Yes, I thought it was very exciting, right at the beginning of the beginning. Finally n-categories were revolutionizing geometry and physics! I wanted to join, but I was too busy finishing up old work and managing grad students, and soon you three had developed a massive impressive structure that didn’t need any help from me.

Since then I’ve avoided higher gauge theory.

But: I recently gave 5 lectures on higher gauge theory and categorified symplectic geometry in Corfu. Very elementary stuff, but the students liked it a lot. The organizers want me to contribute to a conference proceedings. So, I’m planning write a paper that explains a microscopic portion of what you’ve done, in language that more people can understand… because I don’t think enough people understand it yet. And there will be a bit of new stuff too.

That’s the reason for those questions.

Posted by: John Baez on October 1, 2009 11:02 PM | Permalink | Reply to this

Re: D’Auria-Fré-Formulation of Supergravity

Ah, Charles Ingalls syndrome. Did you ever read the Laura Ingalls Wilder books? Charles, his wife and daughters would have slaved away to set up their log cabin in the most inhospitable territory, and just start to have life almost bearable. You knew what would follow.

Well, Caroline, it’s starting to get busy around here in the Big Woods. Why some people just settled 10 miles from here. It’s time we moved on. I hear there’s plenty of good land in Tennessee.

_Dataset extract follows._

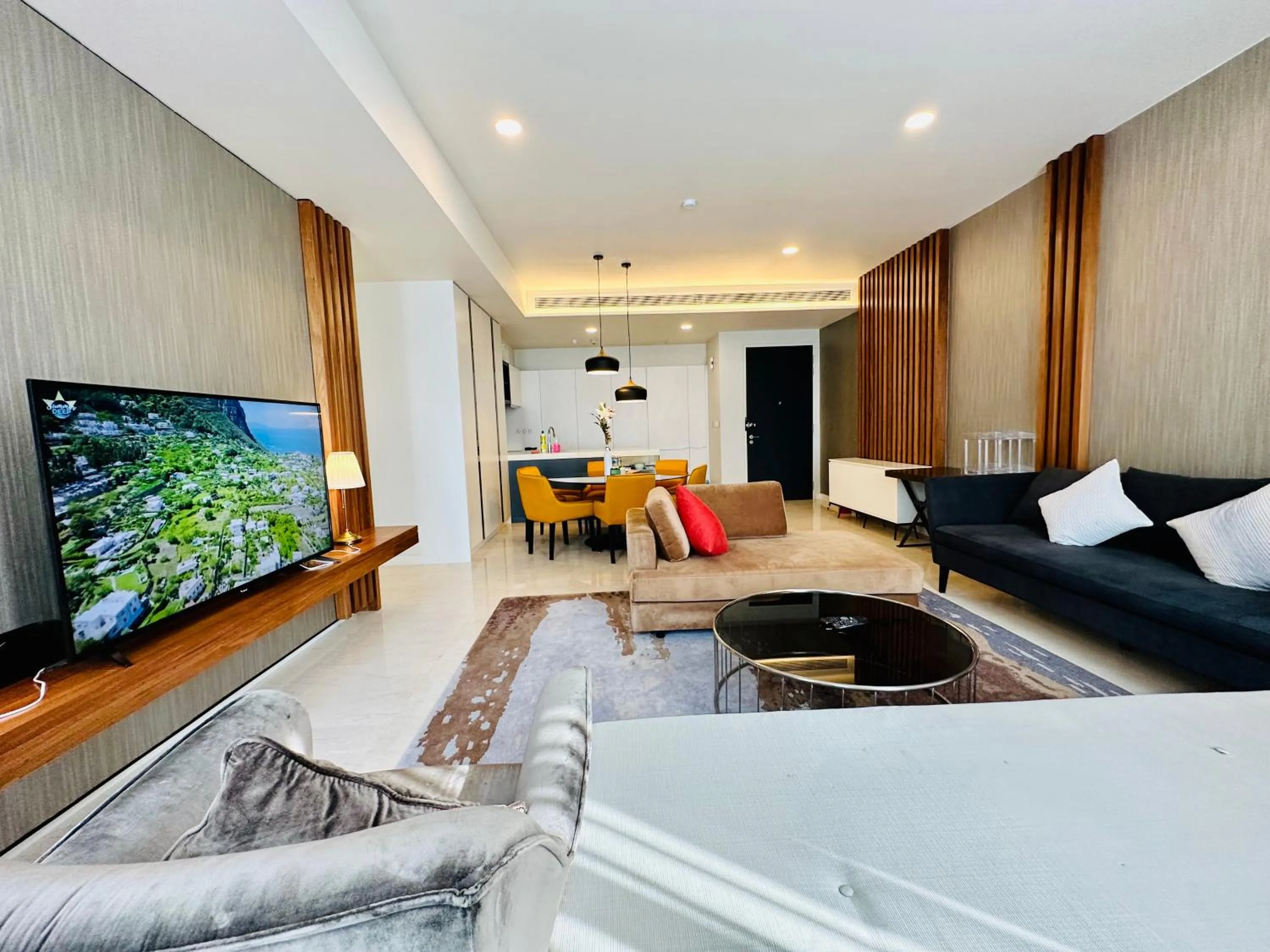 TV and multimedia in Tropicana The Residence Klcc By Sky World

Posted by: David Corfield on October 2, 2009 8:54 AM | Permalink | Reply to this

Re: D’Auria-Fré-Formulation of Supergravity

David wrote:

Did you ever read the Laura Ingalls Wilder books?

No, I didn’t.

You make it sound like the solution is to work on something but not let anyone know about it… or at least not make it sound too appealing. That goes against my grain, but maybe I should try it. Work on something for a few years, privately write up some papers that make it sound fun and inviting, put them on the arXiv and move on.

Posted by: John Baez on October 4, 2009 3:05 AM | Permalink | Reply to this

Re: D’Auria-Fré-Formulation of Supergravity

Urs wrote:

Then a super ∞-Lie groupoid should be an ∞-stack on pROJ8𝓉sLoc9

I often find your notation a bit complicated, but I’m really hoping that this is a typo.

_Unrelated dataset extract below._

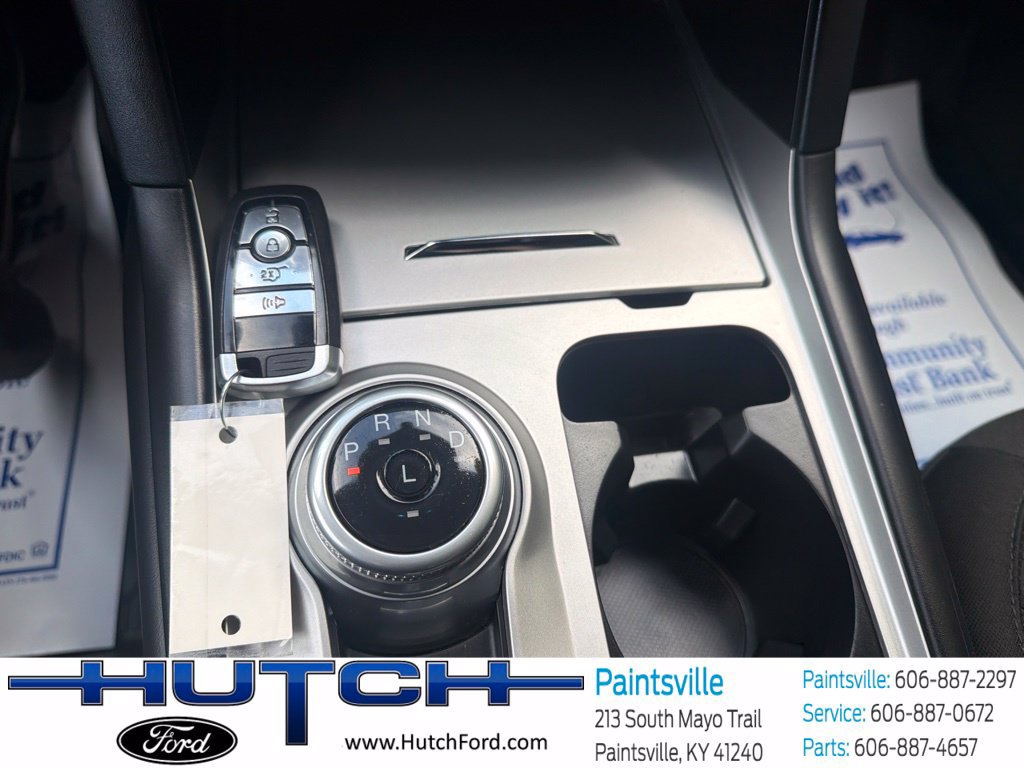 Used 2023 Ford Explorer XLT AWD/4WD image 34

Posted by: John Baez on October 1, 2009 6:00 PM | Permalink | Reply to this

Re: D’Auria-Fré-Formulation of Supergravity

That was a good laugh. Thank you :)

Posted by: Eric Forgy on October 1, 2009 6:10 PM | Permalink | Reply to this

Re: D’Auria-Fré-Formulation of Supergravity

supermanifolds are usually Z_2-graded
but I think I’ve seen examples called
supermanifolds but which were Z or N graded

abus de language causes difficulties

Posted by: jim stasheff on October 1, 2009 6:23 PM | Permalink | Reply to this

Re: D’Auria-Fré-Formulation of Supergravity

but I think I’ve seen examples called

supermanifolds but which were Z or N graded

Yup. You have written papers on these, implicitly.

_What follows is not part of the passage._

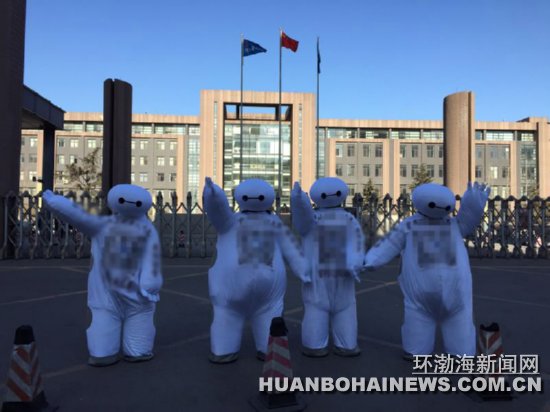 ����һ���ſ�����ֻ����ס�����ͼ��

They are called N(Q) supermanifolds.

Posted by: Urs Schreiber on October 1, 2009 6:34 PM | Permalink | Reply to this

Re: D’Auria-Fré-Formulation of Supergravity

yuch! that will never sell - I hope!

Posted by: jim stasheff on October 2, 2009 2:20 PM | Permalink | Reply to this

simplicial synthetic super differential forms

So Nishimura goes the cubical route in his definition of differential forms in synthetic differential supergeometry.

I want the super simplicial version. Open problem…

Posted by: Urs Schreiber on October 1, 2009 8:07 PM | Permalink | Reply to this

Re: simplicial synthetic super differential forms

Cubes rule :)

Posted by: Eric Forgy on October 1, 2009 9:19 PM | Permalink | Reply to this

Re: D’Auria-Fré-Formulation of Supergravity

In Corfu the grad student Riccardo Nicoletti told John Huerta and I some interesting things about supergravity and ‘rheonomy’. Later he emailed me a bibliography, which I post here in case anyone else is interested. I’ll also add it to the nLab entry, which already has some of these items.

First, there’s a huge 3-volume text nicknamed ‘The Cube’. I should make UCR buy this:

Leonardo Castellani, Riccardo D’Auria, and Pietro Fré, Supergravity and Superstrings: A Geometric Perspective, World Scientific, Singapore, 1991.

Then, some articles:

Pietro Fré, M-theory FDA, twisted tori and Chevalley cohomology.

Pietro Fré and Pietro Antonio Grassi, Pure spinors, free differential algebras, and the supermembrane.

Pietro Fré and Pietro Antonio Grassi, Free differential algebras, rheonomy, and pure spinors.

Riccardo D’Auria and Pietro Fré, Geometric supergravity in D=11D = 11 and its hidden supergroup.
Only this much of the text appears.